The statement went on to say that “no vilification based on race, gender, religion or sexuality is acceptable and no language that isolates, divides or insults people based on any of those factors can be tolerated.”
Here’s the problem. Folau’s Instagram post is loosely based on 1 Corinthians 6:9-10, where St Paul writes: “Do you not know that the unrighteous will not inherit the kingdom of God? Do not be deceived; neither the immoral, nor idolaters, nor adulterers, nor sexual perverts, nor thieves, nor the greedy, nor drunkards, nor revilers, nor robbers will inherit the kingdom of God.”

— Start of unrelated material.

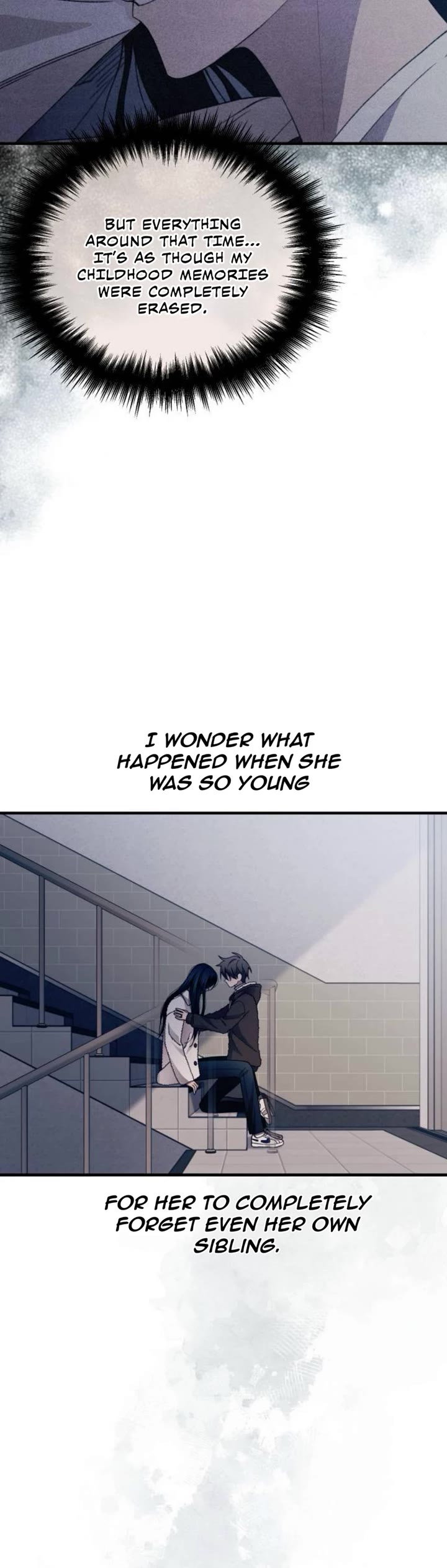 Yeonwoo's Innocence chapter 176 page 15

In condemning Folau as they did, Rugby Australia, NSW Rugby Union and the countless commentators who piled on calling for Folau’s sacking have said that quoting a sacred text that more than half of the country still professes to believe in (even if they don’t express it or even live by it) is contrary to modern-day values.
And it’s not just Rugby Australia. Its counterpart in the UK is also stepping into the fight, threatening disciplinary action against one of its players who had the temerity to defend Folau.
Saracens player Billy Vunipola posted on his Instagram in support of Folau. He wrote, in part: “I don’t HATE anyone neither do I think I’m perfect … what he’s saying isn’t that he doesn’t like or love those people. He’s saying how we live our lives needs to be closer to how God intended them to be. Man was made for woman to procreate that was the goal no? I’m not perfect I’m at least everything on that list at least at one point in my life. It hurts to know that. But that’s why I believe there’s a God. To guide and protect us and forgive us …”
Vunipola has already been dropped as a contributor to Channel 4’s football coverage because his views were “incompatible” with the broadcaster’s values, and both the UK’s Rugby Football Union and Vunipola’s club will summon him to discuss potential disciplinary matters.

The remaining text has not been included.